◆ Work required
Return the lines of the data below starting at the one holding "Suplemento Vitamina D-3" and ending at the one holding "Paris Draped Mesh Midi Dress Fated Floral", word for word, leaving every picture out.

◆ The input
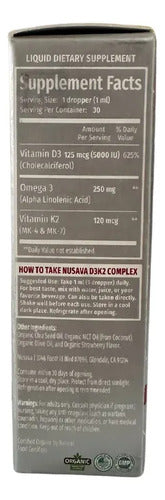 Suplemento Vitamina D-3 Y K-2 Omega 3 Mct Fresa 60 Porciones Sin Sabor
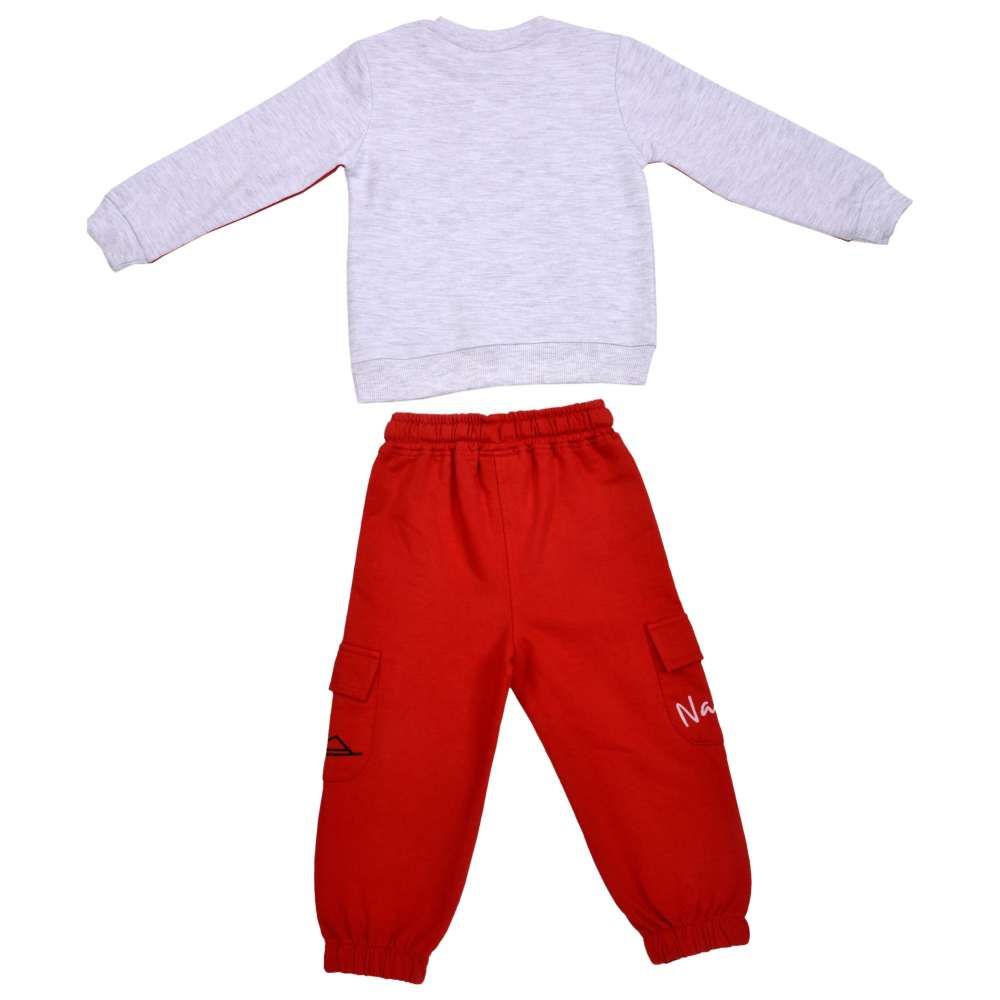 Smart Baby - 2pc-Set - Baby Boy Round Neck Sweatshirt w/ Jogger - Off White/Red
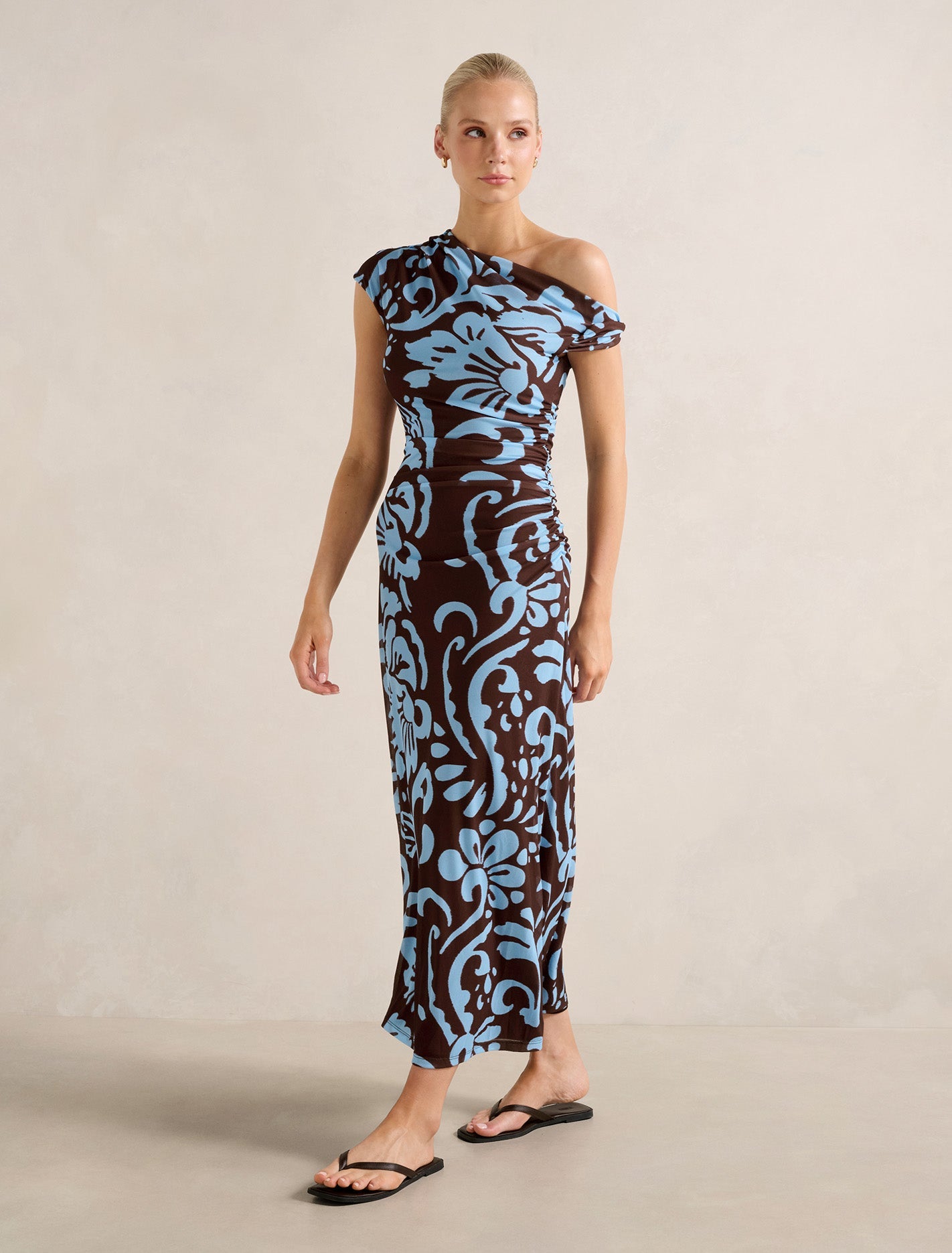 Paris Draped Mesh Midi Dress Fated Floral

---

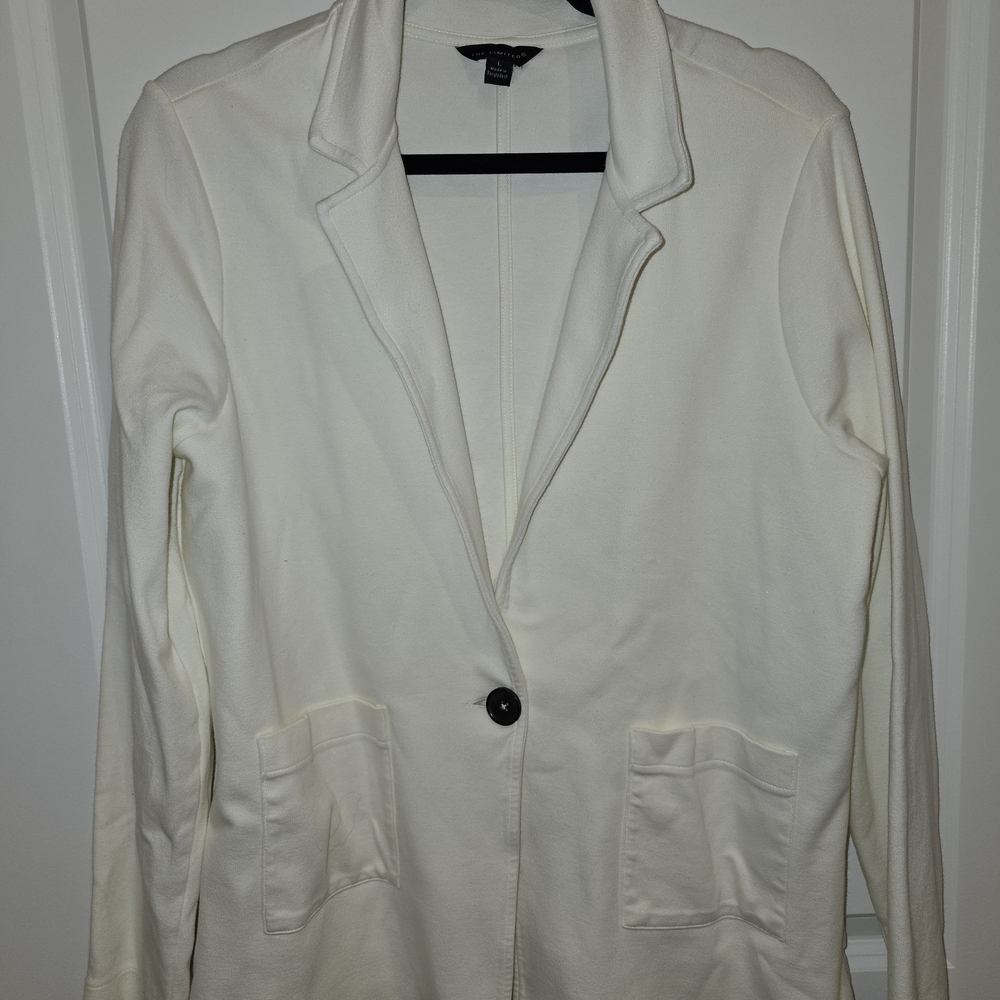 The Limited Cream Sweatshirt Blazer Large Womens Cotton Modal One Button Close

---

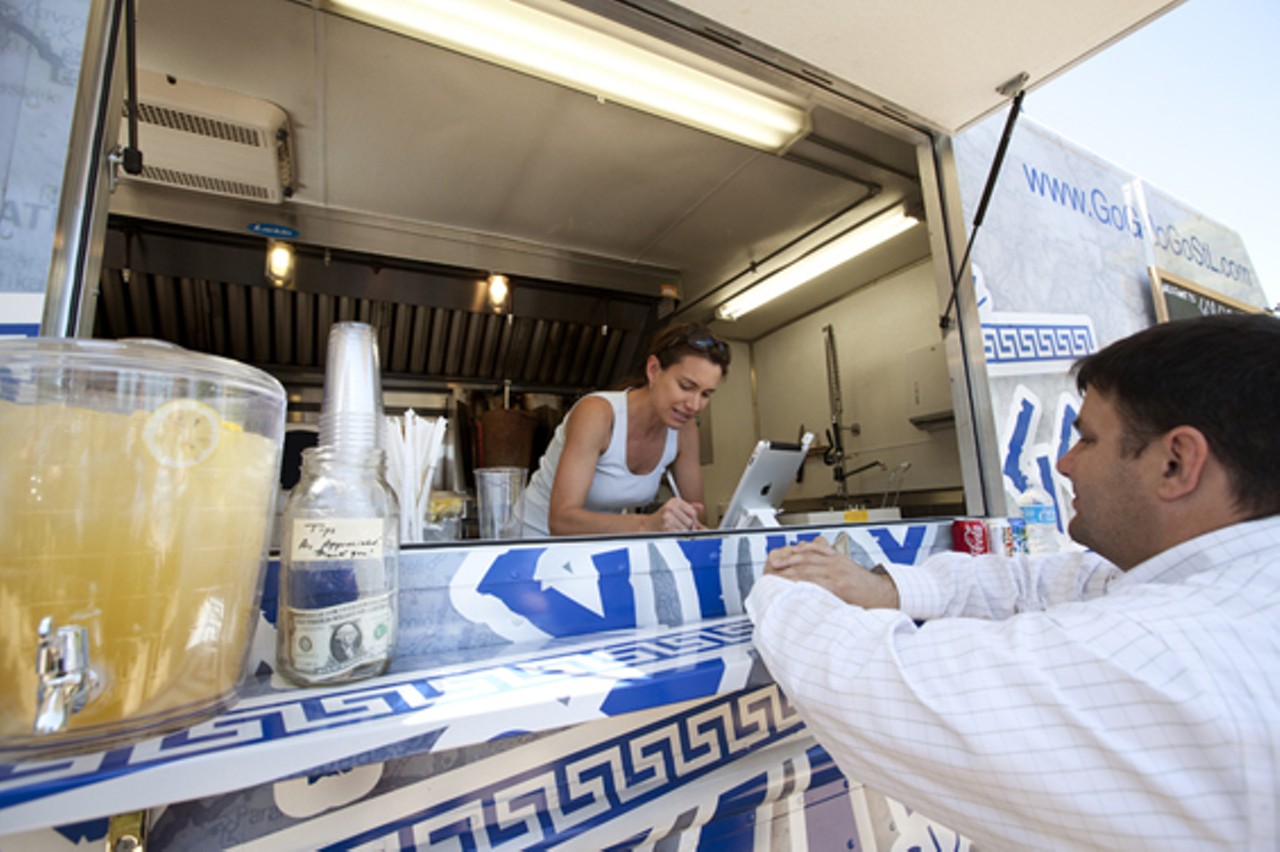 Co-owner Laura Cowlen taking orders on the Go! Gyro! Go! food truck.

◆ Written response
 Suplemento Vitamina D-3 Y K-2 Omega 3 Mct Fresa 60 Porciones Sin Sabor
 Smart Baby - 2pc-Set - Baby Boy Round Neck Sweatshirt w/ Jogger - Off White/Red
 Paris Draped Mesh Midi Dress Fated Floral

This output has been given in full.